To Spur Energy Innovation,Tax Carbon, Says Newsweek Editor Zakaria
Newsweek International editor, Fareed Zakaria argues that carbon taxes beat carbon markets as a way to control greenhouse gas emissions and spur technological innovation. He notes that the during the time the Kyoto Protocol was being implemented, 800 coal-fired power plants were built around the world. They emit 5-times more carbon than the Kyoto Protocol cuts. So why a carbon tax?
First, on the front page, the Washington Post details the shenanigans taking place in the European Union's carbon markets (reported here and here in Reason) in which various countries cheat in order to favor their home industries.
Given these problems, Zakaria argues:
Once you tax carbon, you make it cheaper to produce clean energy. If burning coal and petrol in current ways becomes more expensive because of the damage they do to the environment, people will find ways to get energy out of alternative fuels or methods. Along the way, industrial societies will earn tax revenues that they can use, in part, to subsidize clean energy for the developing world. It is the only way to solve the problem at a global level, which is the only level at which the solution is meaningful…
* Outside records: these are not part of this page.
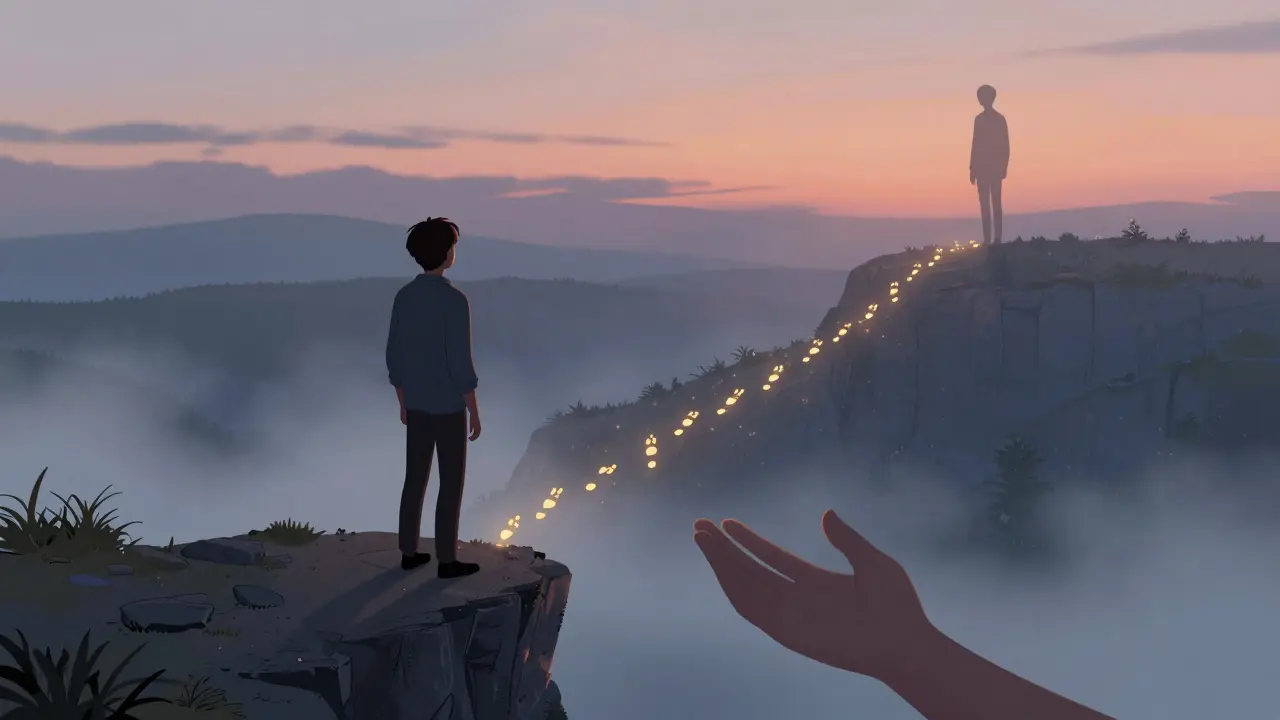 Osoba stojí na okraji útesu, pod ní tisíce svítících kroků směrem nahoru.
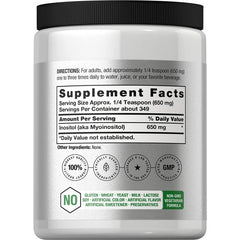 Horbaach Inositol Powder 8 oz Vegan Supplement Vitamin B8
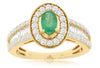 1.44CT DIAMOND & AAA EMERALD 14K YELLOW GOLD 3D OVAL ROUND & BAGUETTE HALO RING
A carbon tax would also send the market a clear and powerful signal to develop alternative energies. Daniel Esty, a Yale environmental expert whose new book, "Green to Gold," is a blueprint for new thinking about the environment, argues that the only way forward is a "transformational approach that creates incentives for innovation and alternative energy. The way we think about these issues is old-fashioned. We're still trying to limit, regulate, control and inspect. We need to become much more market-friendly. Put in place a few simple rules, and let the market come up with hundreds of solutions. We're not even 10 percent of the way down such a path."
In the end, everyone realizes that innovation is the only real solution to the global-warming problem.
Whole Zakaria column here.
Just a heads up--I have done a lot of reporting and just completed an article for The American on carbon markets versus carbon taxes. As a generally market-friendly guy, I've nevertheless concluded that carbon taxes are the way to go. I will link to the article when it appears this summer.